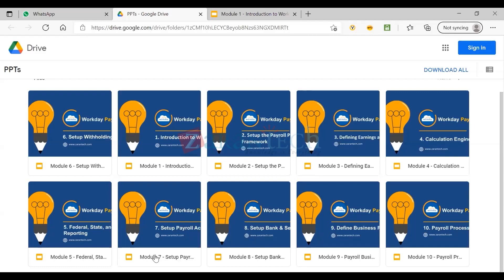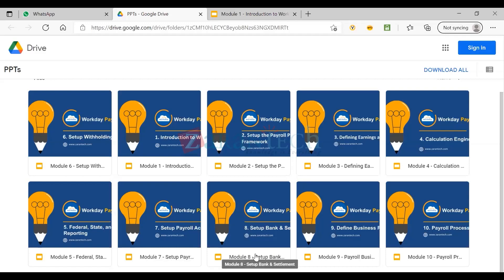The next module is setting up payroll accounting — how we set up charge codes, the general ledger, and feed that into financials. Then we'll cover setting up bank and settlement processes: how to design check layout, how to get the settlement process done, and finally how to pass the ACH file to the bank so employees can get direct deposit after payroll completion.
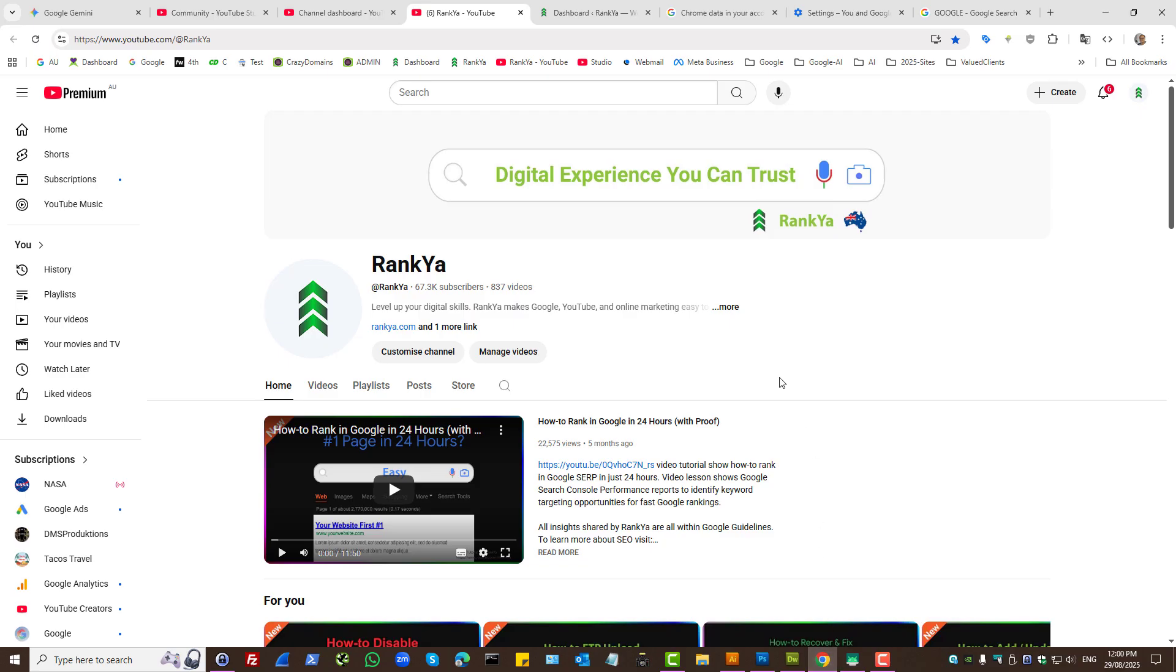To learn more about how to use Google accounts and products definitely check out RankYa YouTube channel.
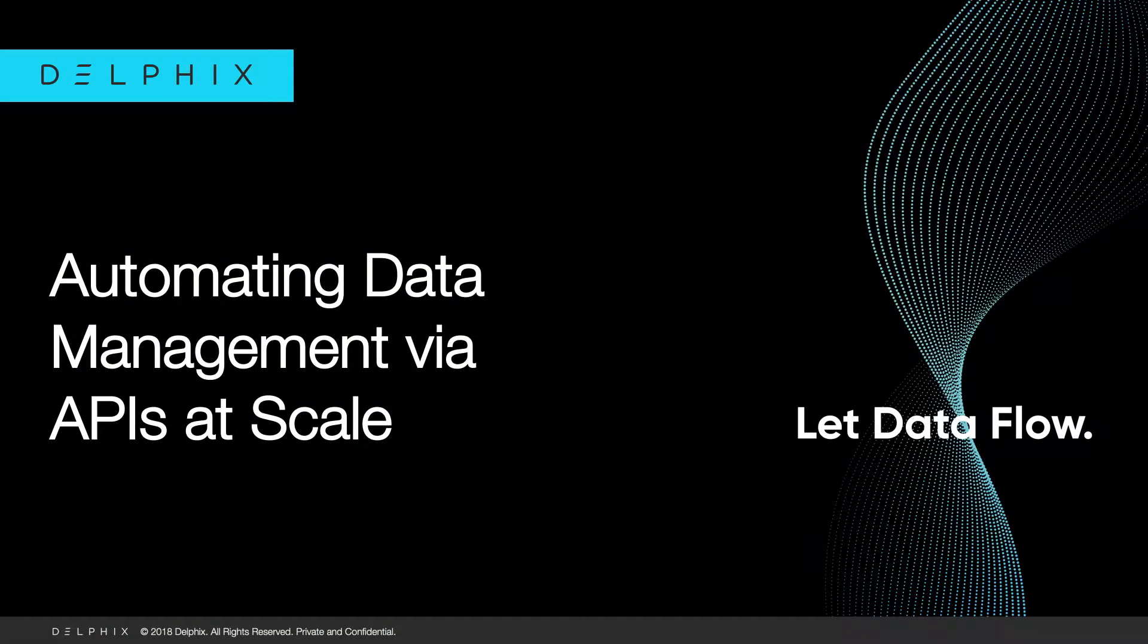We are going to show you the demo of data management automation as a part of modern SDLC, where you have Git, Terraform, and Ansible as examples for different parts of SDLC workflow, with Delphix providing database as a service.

▶ **Instructions for the task**
Copy the material verbatim. The pictures are not part of the copy.

▶ **Answer for this exercise**
The next module is setting up payroll accounting — how we set up charge codes, the general ledger, and feed that into financials. Then we'll cover setting up bank and settlement processes: how to design check layout, how to get the settlement process done, and finally how to pass the ACH file to the bank so employees can get direct deposit after payroll completion.
To learn more about how to use Google accounts and products definitely check out RankYa YouTube channel.
We are going to show you the demo of data management automation as a part of modern SDLC, where you have Git, Terraform, and Ansible as examples for different parts of SDLC workflow, with Delphix providing database as a service.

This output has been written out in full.